The woman on the left is reaching her arms out toward a mirror, resting her hands on the sides of it. The mirror is outlined in a thick black line, then outlined again in a bright orange color, and again in a deep blue. The figure in the mirror, which is assumed to be the reflection of the woman on the left, is painted in a very abstract manner. The color scheme of the reflected figure is very different than the woman gazing at her reflection. Instead of being blonde, the figure in the mirror’s hair is depicted as a thick green line. Her face, which is similar in features to the figure on the left, is painted in green, a bright red, a deep wine red, and a light violet. There is an orange crescent shape just under the eye on the right. The neck of the reflection is a solid purple triangle, outlined with a thick black line. The rest of the upper part of her torso is interrupted by the figure on the left’s reaching arm, and just underneath her arm are two deep red draping shapes with vertical bright red lines painted on top of them. Underneath these shapes is the reflected image of the woman’s breasts, which are two separated white circles with mint-green colored lines on the left breast and a mint-green circle inside the right breast. Her stomach is also shown as a white shape with mint-green, slightly curved lines as acsents. In the background of the reflected image, large, organic shapes filled with bright red, green, blue and purple colors surround the figure, almost blending the reflection of the woman into the mirror, contrasting with the woman on the left, who clearly stands out from the background surrounding her.
 
Historic Context of Girl Before a Mirror
Girl Before a Mirror is an image of vanity painted by Pablo Picasso in March of 1932. Pablo Picasso was a Spanish artist, born in Malaga, but during the time he painted Girl Before a Mirror, he was living in France. France in the 1930s was parallel to the United States in the 1930s, suffering from an intense economic depression (“Pablo Picasso”). An account from the same year Picasso painted the piece states, “"The winter I spent on the streets - the winter of '32-33 - was no milder nor harder than any other winter; the winter cold is like labour pains - whether it lasts for a longer or shorter period of time there is always the same amount of pain. That particular winter, it snowed and it froze; thousands of young men, forced out of their jobs by the crisis, struggled on to their last penny, to the end of their tether then, in despair, abandoned the fight...On street benches and at métro entrances, groups of exhausted and starving young men would be trying not to die. I don't know how many never came round. I can only say what I saw. In the rue Madame one day I saw a child drop a sweet which someone trod on, then the man behind bent down and picked it up, wiped it and ate it." (“Great Depression in France”). Paris, which had once been a place awed by travelers, was empty and suffering. However, the influence of Parisian art still managed to flourish.
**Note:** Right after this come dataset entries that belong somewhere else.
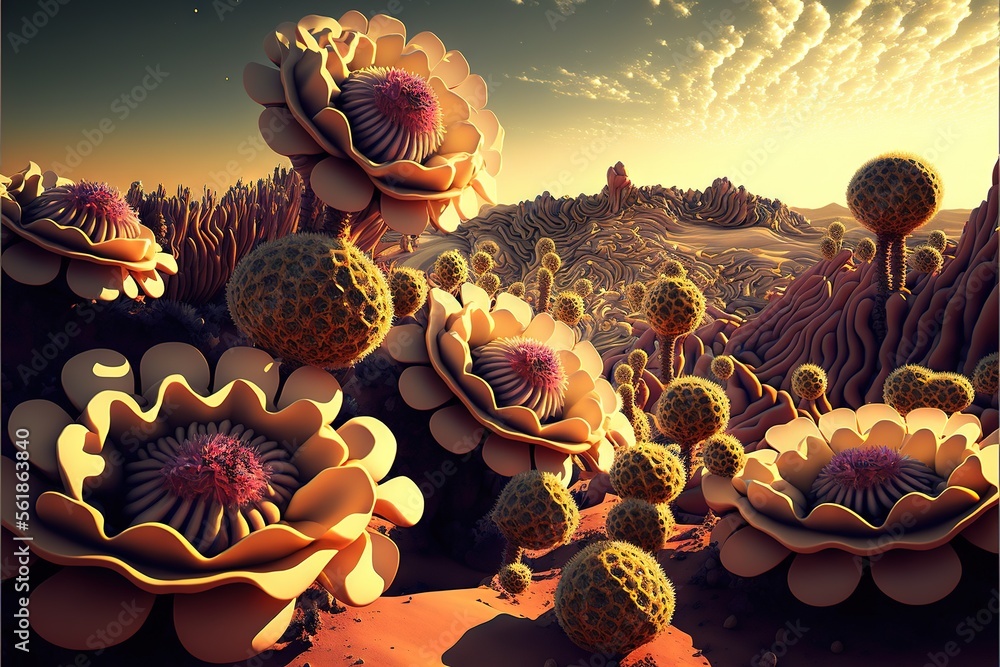 Poster a painting of a desert with cactus plants and a sky background with clouds and sun shining through t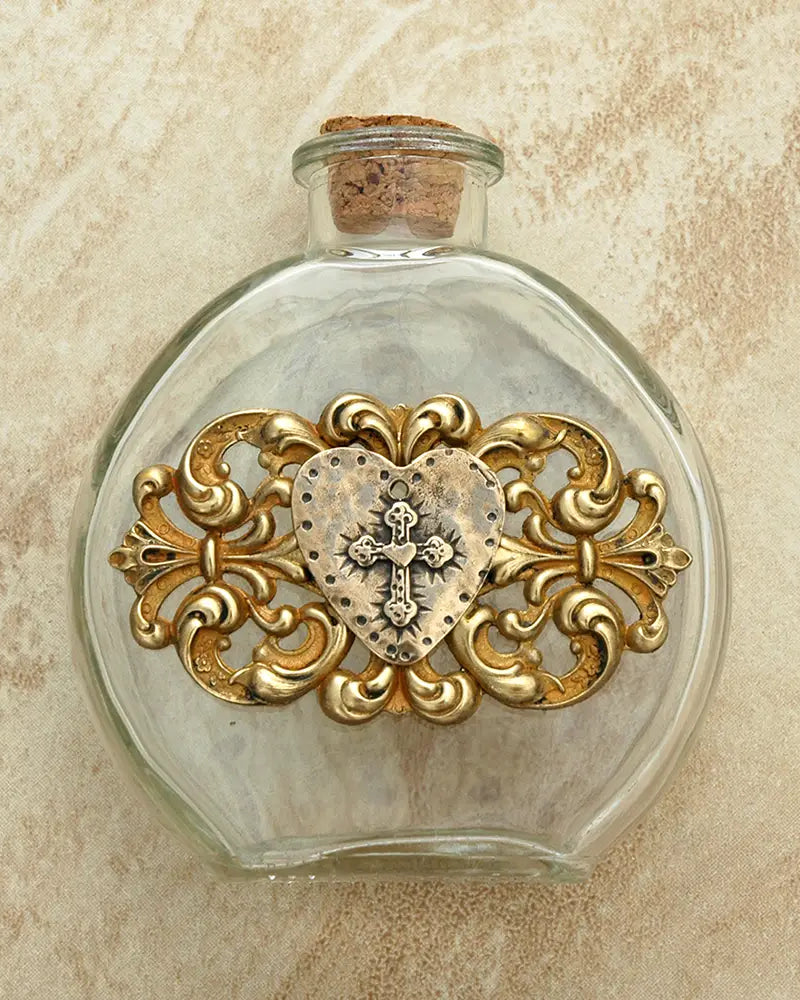 Vintage holy water bottle heart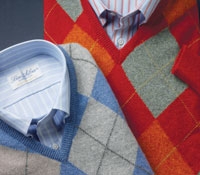 Lambswool V-Neck Argyle Sweater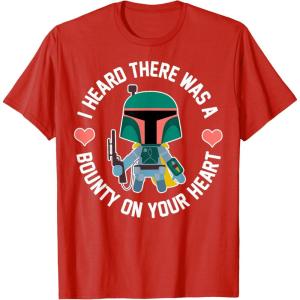 imageStar Wars Boba Fett Bounty Heart Valentines Graphic TShirt TShirtRed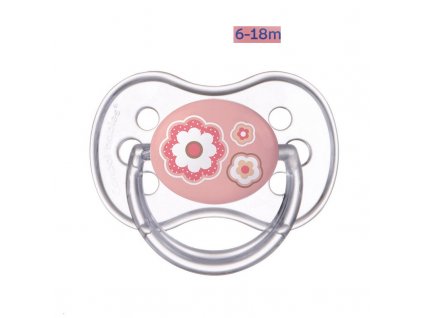 Canpol babies Dudlík 6 18m silikonový symetrický NEWBORN BABY růžový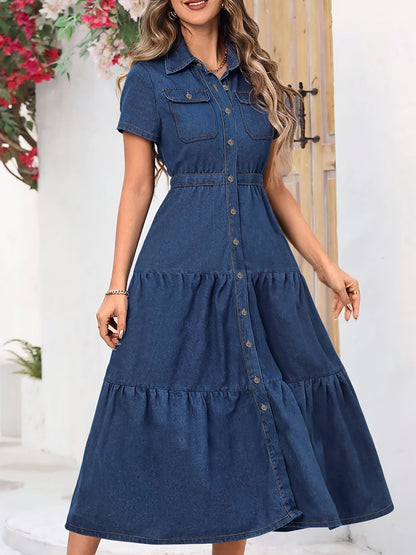 Dames Midi denim jurk met knoopsluiting - Lara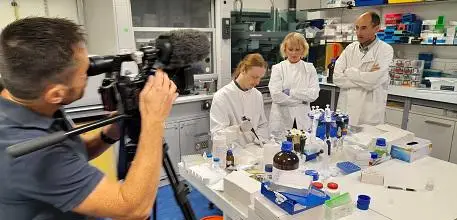 BBC South Today filming in the Mass Spec lab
The style of Art Deco began in Paris in 1925 and influenced art worldwide through the rest of the 20th century (Harmon). Art Deco is defined as, “An art movement involving a mix of modern decorative art styles, largely of the 1920s and 1930s, whose main characteristics were derived from various avant-garde painting styles of the early twentieth century.” (“Fine Arts Terms Glossary”)  In Girl Before a Mirror, the influence of Art Deco is apparent. In Art Deco pieces, the artist uses simplified shapes and very decorative patterns. Picasso oversimplifies the shapes in the woman and her reflection, then fills the shapes with decorative patterns. Though Girl Before a Mirror does show characteristics of Art Deco, it is more influenced by the movement than classified as an Art Deco piece. Picasso’s paintings during this time period are be categorized as Cubism, an art style that Picasso himself helped to create. Cubism is artwork in which “the subject matter is broken up, analyzed, and reassembled in an abstracted form, influenced by African art and the works of painters Paul Cézanne and Georges Seurat, and by the Fauves.” (“Fine Arts Terms Glossary”). The Cubism collaboration between Picasso and friend, Georges Braque, ended at the outbreak of the first World War.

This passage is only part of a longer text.